▶ TASK OBJECTIVE: An exact copy of every entry is the answer here, with no pictures.

BEGIN SOURCE INFORMATION

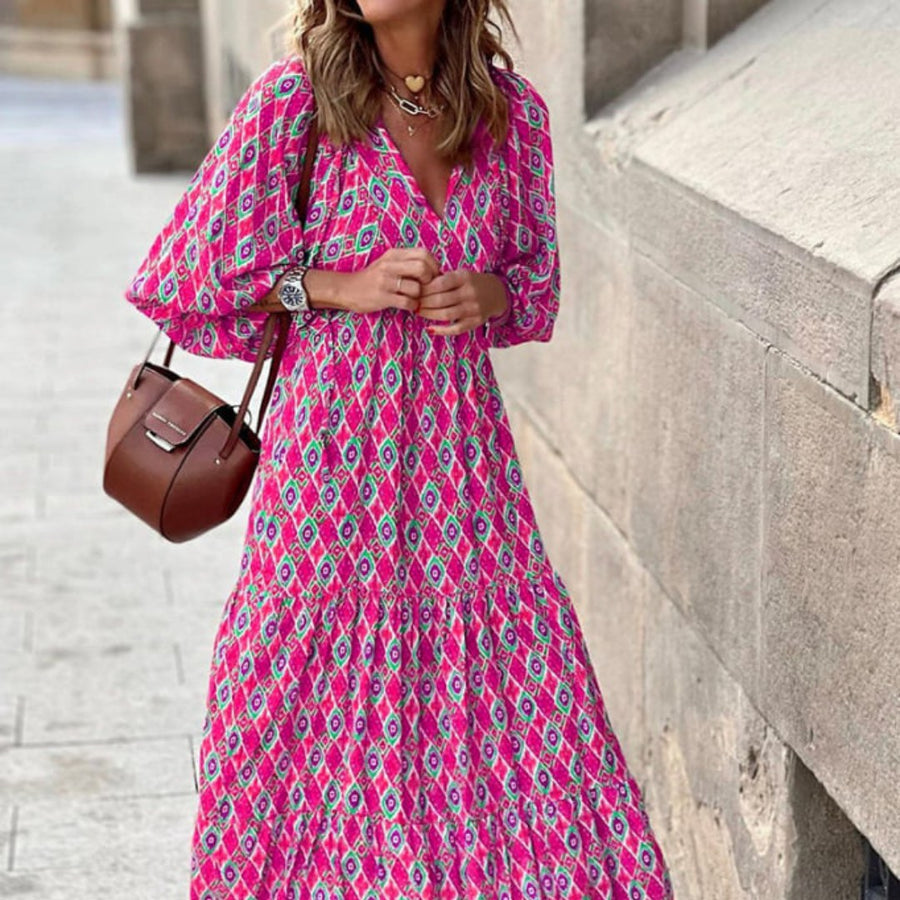 Margot Women's V-Neck Puff Sleeve Boho Floral Maxi Dress in Dark Pink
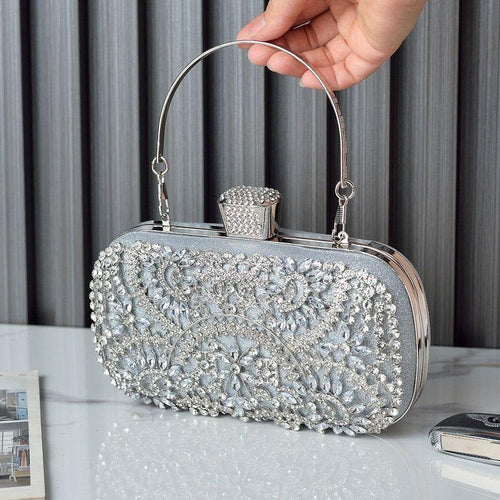 Load image into Gallery viewer, 2022 Diamond Evening Clutch Bag For Women Wedding Golden Clutch Purse
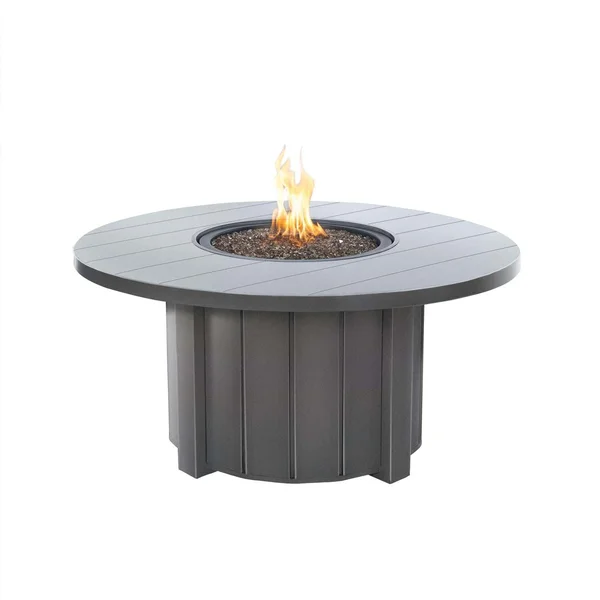Trevi 50 Inch Round Aluminum Propane Fire Pit w/ Lid in Graphite by Ebel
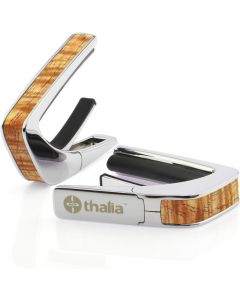 Thalia Wood Collection Guitar Capo - AAA Hawaiian Koa Inlay, Chrome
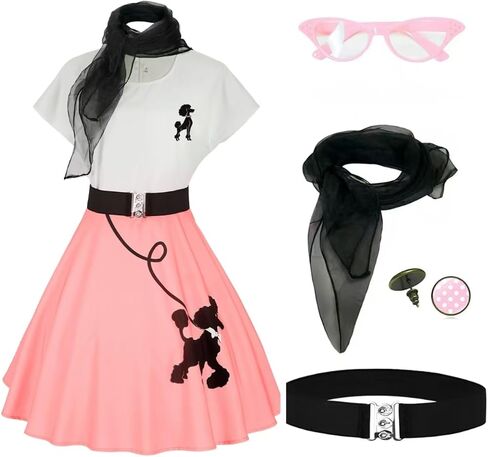 1950s Poodle Skirts Sock hop Outfits Women 50s Poodle Dress with Belt Glasses Earrings and Scarf in Saudi Arabia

END SOURCE INFORMATION

▶ ANSWER TO THE EXERCISE:
 Margot Women's V-Neck Puff Sleeve Boho Floral Maxi Dress in Dark Pink
 Load image into Gallery viewer, 2022 Diamond Evening Clutch Bag For Women Wedding Golden Clutch Purse
Trevi 50 Inch Round Aluminum Propane Fire Pit w/ Lid in Graphite by Ebel
 Thalia Wood Collection Guitar Capo - AAA Hawaiian Koa Inlay, Chrome
 1950s Poodle Skirts Sock hop Outfits Women 50s Poodle Dress with Belt Glasses Earrings and Scarf in Saudi Arabia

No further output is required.